The National Youth Media Campaign was organized by the National Institute on Drug Abuse (NIDA) last year as part of a media blitz that included television, radio, print, and electronic (World Wide Web) public service announcements (Psychiatric News, May 5, 2000). The goal of the campaign was to work proactively to educate teens, parents, and school professionals about the dangers of club drugs, including Ecstasy.

“Last year when it was first reported that the use of ‘club drugs’ was on the rise, we proactively launched a special Web site to disseminate reliable, science-based information that almost a half a million people have visited,” said Alan I. Leshner, Ph.D., director of NIDA. The information is getting out there, but a better job needs to be done to help teens understand the implications of these dangerous drugs, he believes.

“Young people have not yet come to see Ecstasy as a very dangerous drug,” said Lloyd D. Johnston, M.D., principal investigator for the MTF survey and senior research scientist at the Survey Research Center of the University of Michigan Institute for Social Research. “Until they do,” Johnston added, “we are unlikely to see the situation turn around.”

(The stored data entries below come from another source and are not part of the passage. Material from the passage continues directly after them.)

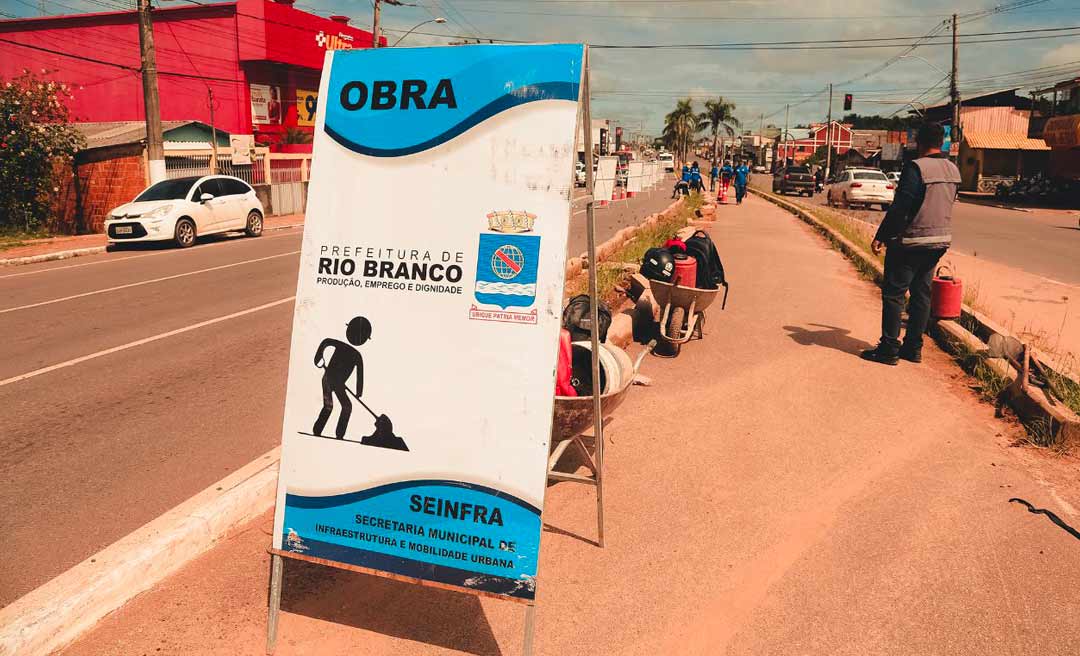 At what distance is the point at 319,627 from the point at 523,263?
5.75ft

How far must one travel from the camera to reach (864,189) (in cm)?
3281

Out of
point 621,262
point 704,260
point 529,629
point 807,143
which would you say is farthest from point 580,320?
point 807,143

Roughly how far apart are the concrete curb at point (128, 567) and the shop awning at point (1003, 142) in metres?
53.9

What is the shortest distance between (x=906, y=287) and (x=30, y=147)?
21.9 m

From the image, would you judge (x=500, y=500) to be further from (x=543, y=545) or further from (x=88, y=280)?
(x=88, y=280)

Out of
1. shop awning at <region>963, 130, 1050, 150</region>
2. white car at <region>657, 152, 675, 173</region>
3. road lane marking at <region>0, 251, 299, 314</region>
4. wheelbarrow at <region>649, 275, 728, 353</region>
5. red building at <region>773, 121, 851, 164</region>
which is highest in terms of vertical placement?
red building at <region>773, 121, 851, 164</region>

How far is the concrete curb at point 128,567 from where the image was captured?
305 centimetres

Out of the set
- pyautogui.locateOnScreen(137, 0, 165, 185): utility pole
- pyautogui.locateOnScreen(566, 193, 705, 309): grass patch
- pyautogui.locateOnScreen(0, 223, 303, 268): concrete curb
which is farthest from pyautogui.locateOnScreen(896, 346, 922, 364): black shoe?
pyautogui.locateOnScreen(137, 0, 165, 185): utility pole

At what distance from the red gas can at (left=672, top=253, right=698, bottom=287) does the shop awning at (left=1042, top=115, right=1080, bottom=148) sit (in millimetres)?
Result: 39428

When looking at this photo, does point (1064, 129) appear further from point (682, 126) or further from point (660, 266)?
point (682, 126)

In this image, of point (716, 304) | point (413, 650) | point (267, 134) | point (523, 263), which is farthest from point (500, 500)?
point (267, 134)

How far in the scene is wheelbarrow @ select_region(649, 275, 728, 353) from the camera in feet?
24.1

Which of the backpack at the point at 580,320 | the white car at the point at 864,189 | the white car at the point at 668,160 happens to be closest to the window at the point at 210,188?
the backpack at the point at 580,320

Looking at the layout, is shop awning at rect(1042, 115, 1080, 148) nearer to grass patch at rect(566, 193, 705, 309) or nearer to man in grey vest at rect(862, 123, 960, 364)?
grass patch at rect(566, 193, 705, 309) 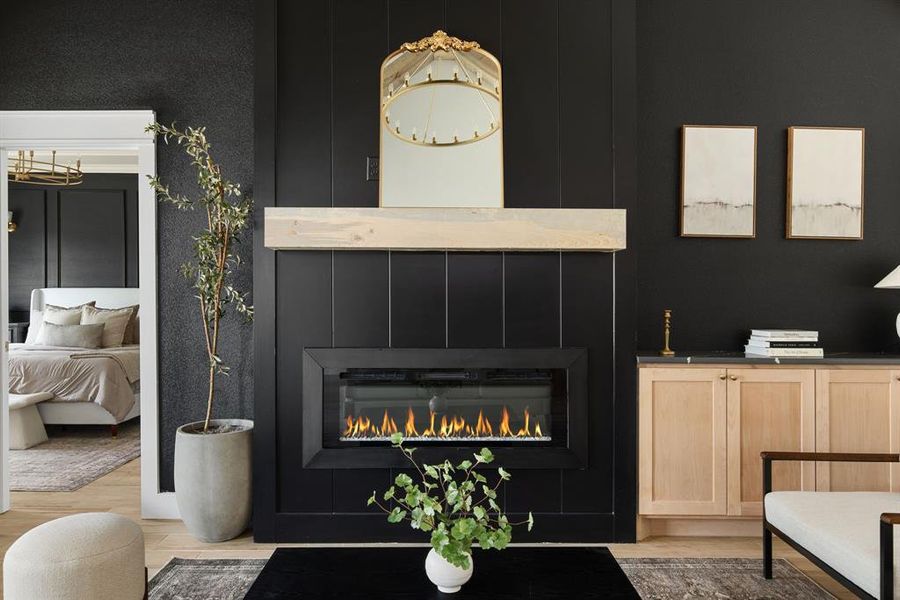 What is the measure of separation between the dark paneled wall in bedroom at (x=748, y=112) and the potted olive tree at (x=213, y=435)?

Johnston noted that in 1999 the survey reported a sharp increase in Ecstasy use among 10th and 12th graders, an increase that continued this year. But this year, a new finding occurred. For the first time, Johnston said, the growing popularity of the drug is now evident among eighth graders as well. The change was quite dramatic; in 1999, 1.7 percent of eighth graders reported using Ecstasy within the preceding 12 months; in the 2000 MTF, 3.1 percent of eighth graders said they had used Ecstasy in the preceding year.

Other findings of the 2000 MTF include a sharp rise in steroid use among both eighth and 12th graders, a decrease in heroin use among eighth graders, the substantial and continuing decline in teen use of cigarettes and smokeless tobacco, and the relatively stable statistics on alcohol use in teens. Marijuana remains the most widely used illicit drug in the age group with only a modest decline in use by eighth graders. Marijuana use peaked in 1997 for 10th and 12th graders and has not declined significantly since.

The Monitoring the Future 2000 Survey results are posted on the Web at www.monitoringthefuture.org.